「ポピュリスト」という言葉は、「人気取り」「大衆迎合主義者」などの意味で、政治家に対して使われることが多いが、現代の日本においては、言論人や評論家、マスコミなども含めて、多数派におもねる風潮が強いと言える。

本誌2023年12月号の「竹村健一のもう一つの転生 その過去世は"民主主義の守護神" - 新・過去世物語 人は生まれ変わる」では、空気に流されず、世相を斬り続けた竹村氏の驚くべき過去世を紹介した。

記事の中では、講演先などで色紙へのサインを求められた時、竹村氏はいつも「自灯明(じとうみょう)」と書くことを紹介した。

なお、「自灯明・法灯明(ほうとうみょう)」とは、釈尊が入滅する直前、弟子たちに対して、遺された法(教え)を拠り所にして、自分で自分を照らしながら生きていくように説いたものである。

今回は、自灯明という言葉を大切にした、竹村氏の人生を振り返り、その生き方から、私たちが自らの人生を切り拓いていくためのヒントを探してみたい。

両親から学んだ「自灯明の精神」「自立なくして自由はない」

竹村氏は、著書の中で、両親から教わった生き方を紹介している。

父は、兵庫の山奥から大阪に出て身を起こし、眼鏡のフレームをつくる工場を営んでいた。

誰にも頼らずに成功を収めており、母も放任主義だったので、家では「親に頼らず、自分の力で人生を切り開いて生きろ、という教えは徹底していた」(『「竹村健一全仕事」マルチ研究』太陽企画出版刊。以下、出典のないものは同著)。

ただ、両親は息子の健康にはとても気を使っており、目が悪くなったと聞けば母はあちこちの医者を訪ねて回った。体力不足だと分かれば父が疲れを厭わず、毎週日曜に子ども4人を連れてハイキングに出かけた。

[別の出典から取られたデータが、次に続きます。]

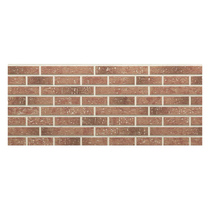   Панель фибро-цементная Nichiha Кирпич (Коричневый) WFX673(455х1010х14 мм)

放任でありながら、健やかな子供の成長を願う優しい両親であった。

その時代を回顧し、竹村氏は、父から勤倹貯蓄の精神を学んだと語っている。

「私が何かに頼ろうとすることは絶対に許さなかったので、自分から小遣いをくれと頼んだことは一度もない。大学に入ってから、生活資金を含めて、すべてアルバイトでやってきた」

また、健康に配慮してもらったことについても、「健康な体だけが自らを守るための唯一の"資本"であることを身にしみて感じていたはずだ」と述懐している。

「(自灯明は)『自らを拠り所として、自分の足でしっかりと生きてゆきなさい』という意味で、私がたいへん好きな言葉の一つだ」「この『自灯明』の精神も、私は両親から教わったのだと思う」

竹村氏は、「自立なくして本当の自由はあり得ない」ということを学んだ。

ウソをついて母にべったんを燃やされたが、一生使える"宝物"をもらった

母から、「嘘をつくな」と叩きこまれたことも明かしている。

健一少年は子供の頃、「べったん」という、めんこ遊びの一種に熱中し、たくさんのカードを集めていたが、母は、ある時、それをまとめて焼いてしまった。